Four senior ANC leaders, three of them members of the NEC, confirmed that the NEC had decided last weekend to scrutinise the trial fallout, which has heightened divisions over the presidential succession.
There has been a mounting call from tripartite alliance leaders, and analysts, for the ANC to begin managing the leadership crisis in its ranks, ahead of its national conference next year.
Last weekend’s NEC meeting was convened to consider Zuma’s letter to Kgalema Motlanthe, ANC secretary general, signalling his readiness to resume his party leadership positions following his rape acquittal.
The NEC accepted Zuma’s request, but went to some length to contain the trouble caused by trial revelations that Zuma had had sex with an HIV-positive woman, and persistent suggestions that the trial was part of a state-sponsored campaign, driven by Minister of Intelligence Ronnie Kasrils and former national director of public prosecutions Bulelani Ngcuka, to scotch Zuma’s presidential ambitions.
”The ANC finds that there is no basis to suggestions that any member of the ANC encouraged the complainant in the rape case to lay a charge against the ANC deputy president. Allegations against [Kasrils] and [Ngcuka] in this regard are without substance,” the NEC said after the meeting.
The planned debate at the next NEC encounter is understood to be the beginning of a drive to contain factional infighting in the ANC.
”This experience [Zuma’s rape trial] places a particular responsibility on the leadership and the membership of the democratic movement, and on society more broadly, to work to reinforce in practice the founding principles and values of our democratic society,” said the NEC statement.
Political heat in the ruling alliance reached new levels this week with the release of a 42-page South African Communist Party discussion document, which openly criticises President Thabo Mbeki’s leadership style and its effect on the alliance.
The document suggests that the core values of the ANC have been usurped by ”a technocratically orientated presidential centre, organically remote from a popular power base,” and that there is an urgent need to ”rebuild … an ANC that is capable of leading popular struggles on the ground, an ANC in which organisation and popular politics are reconnected”.

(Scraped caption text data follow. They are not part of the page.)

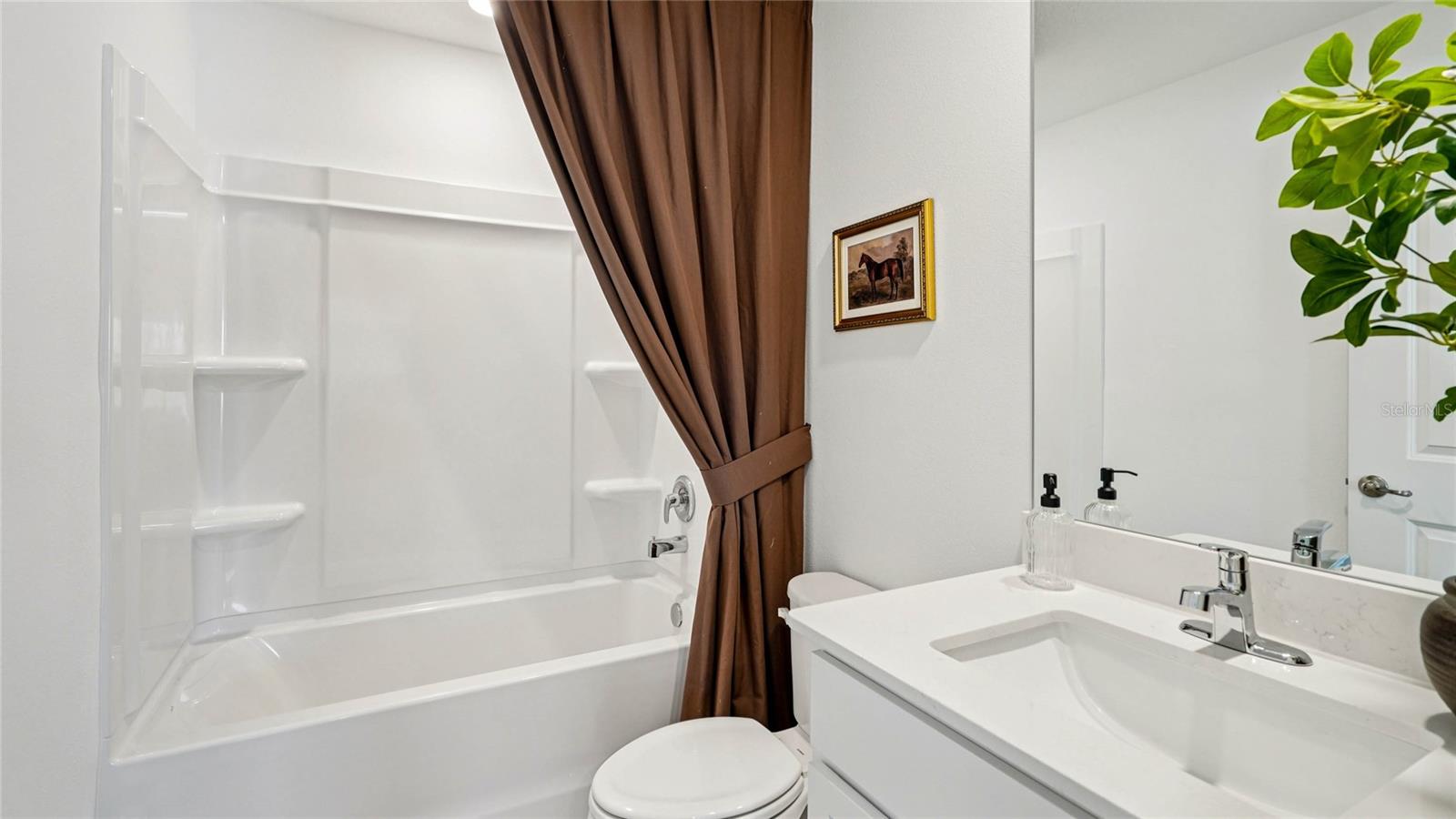 Listing photo id 15 for 4043 Kona Circle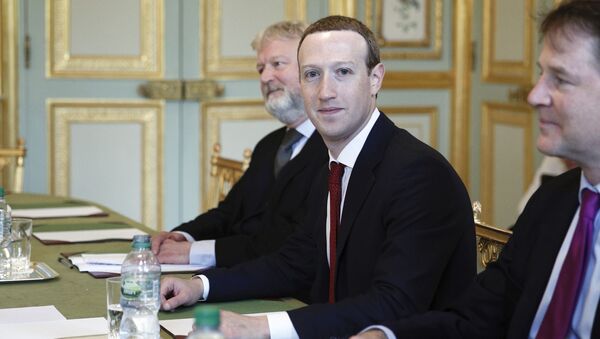Mark Zuckerberg, le président-fondateur de Facebook, reçu à l'Élysée - Sputnik Afrique
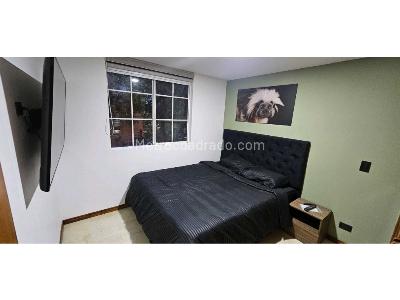 Apartamento de 3 alcobas en venta en El Poblado, Medellín, 92 m² · foto 4 de 11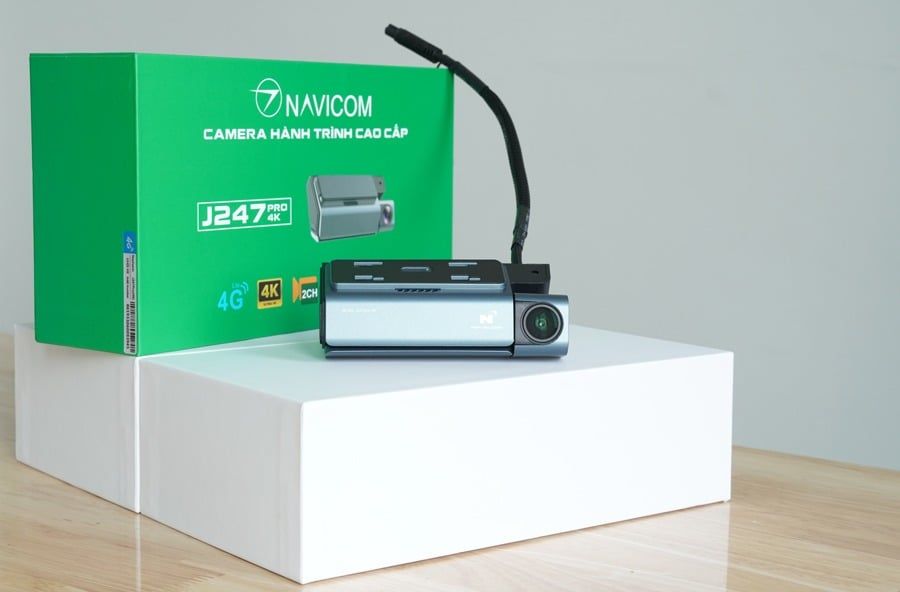 Camera Hành Trình Ô Tô Navicom J247 Pro 3 Kênh 4G GPS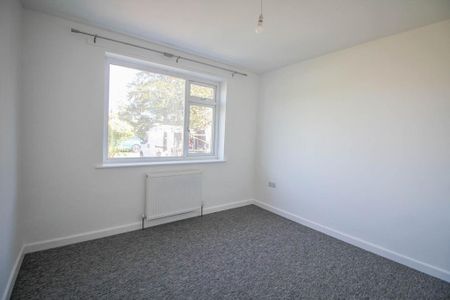 2 bedroom bungalow to rent - Photo 3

Zuma, seen as a people’s president, is seen by many ANC supporters as the leader who can reclaim the party from the Mbeki camp.

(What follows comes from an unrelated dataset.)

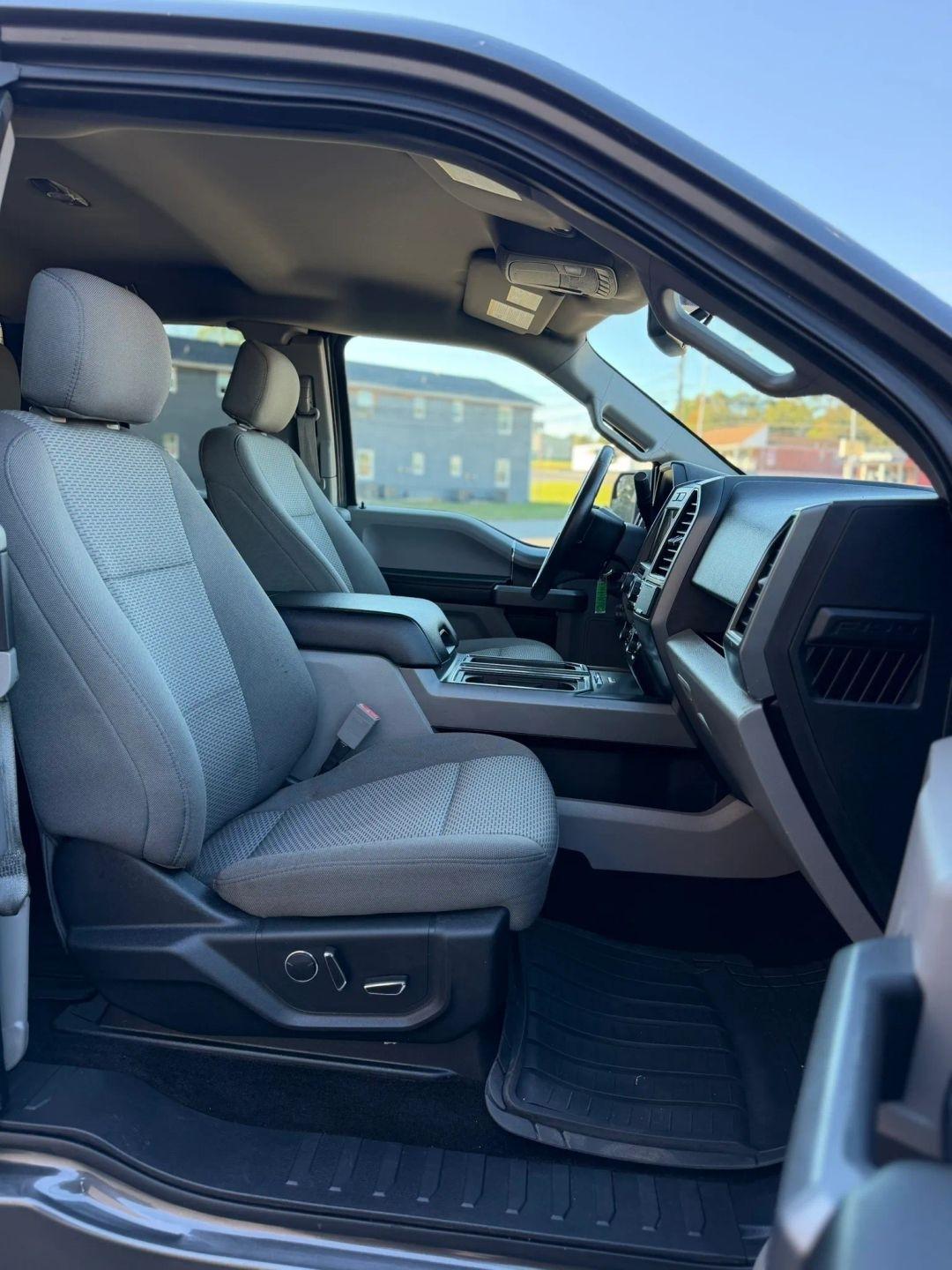 Ford F-150 Lariat 2WD SuperCab 8' Box 2018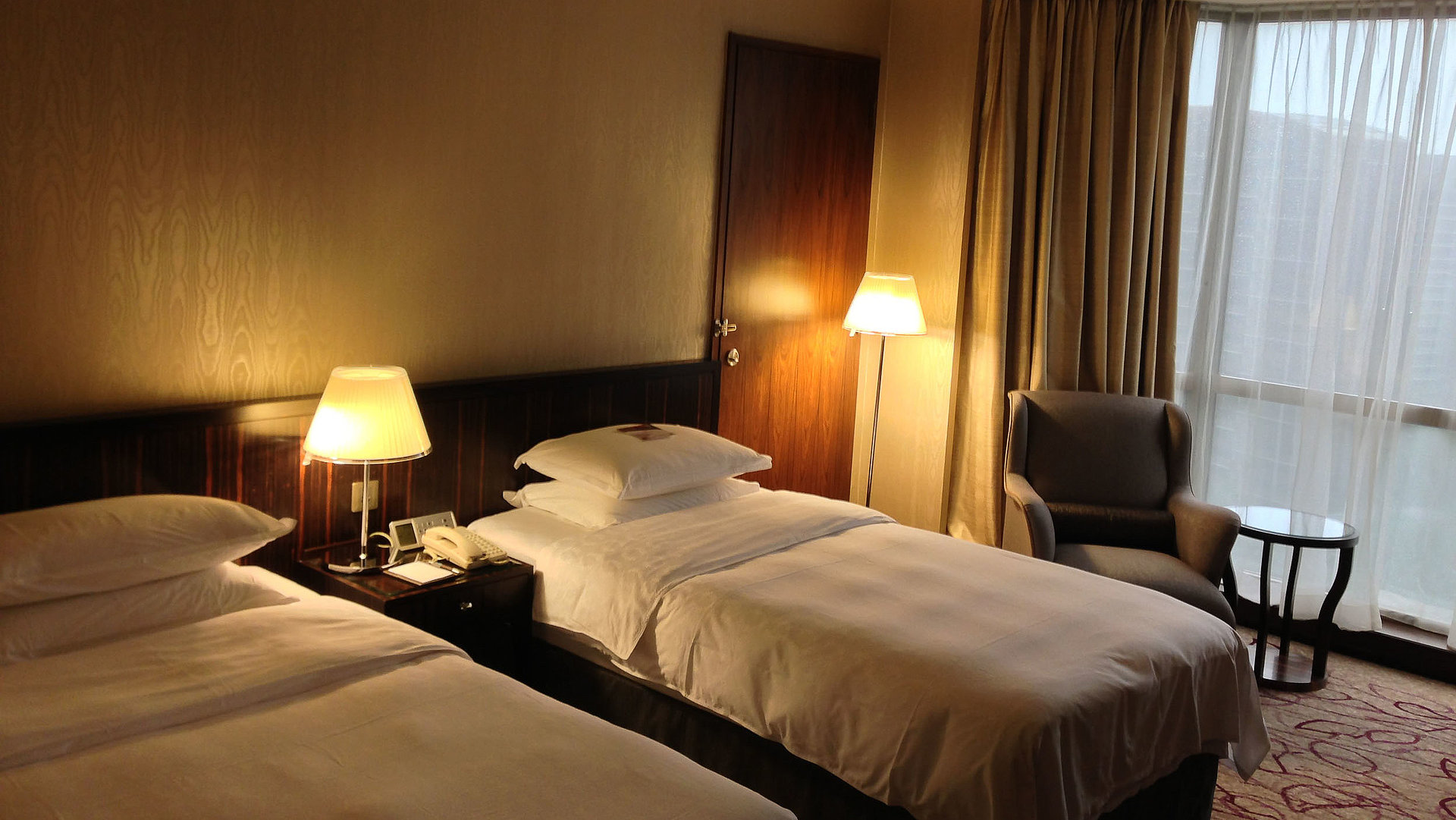 Unterkunft in Oberfranken - sehr ordentliches Hotelzimmer mit zwei Betten, warmer Nachtlampe und Gardinen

While the SACP has publicly insisted that it will support the ANC’s presidential choice, the document says it is considering contesting elections in its own right.
The party said it was extremely concerned about ”the crises of corruption, factionalism and personal careerism inherent in trying to build a leading cadre based on … capitalist values and on a symbiosis between the leading echelons of the state and emerging black capital”.
The document is likely to up the ante in the succession battle. Mbeki has come under increasing fire, and has been increasingly disabled, by criticism of his ”powerful presidential centre” and ”attempted modernisation of the ANC [that] has involved a deliberate strategy to marginalise the SACP and the Congress of South African Trade Unions … to provoke a walkout from the alliance”.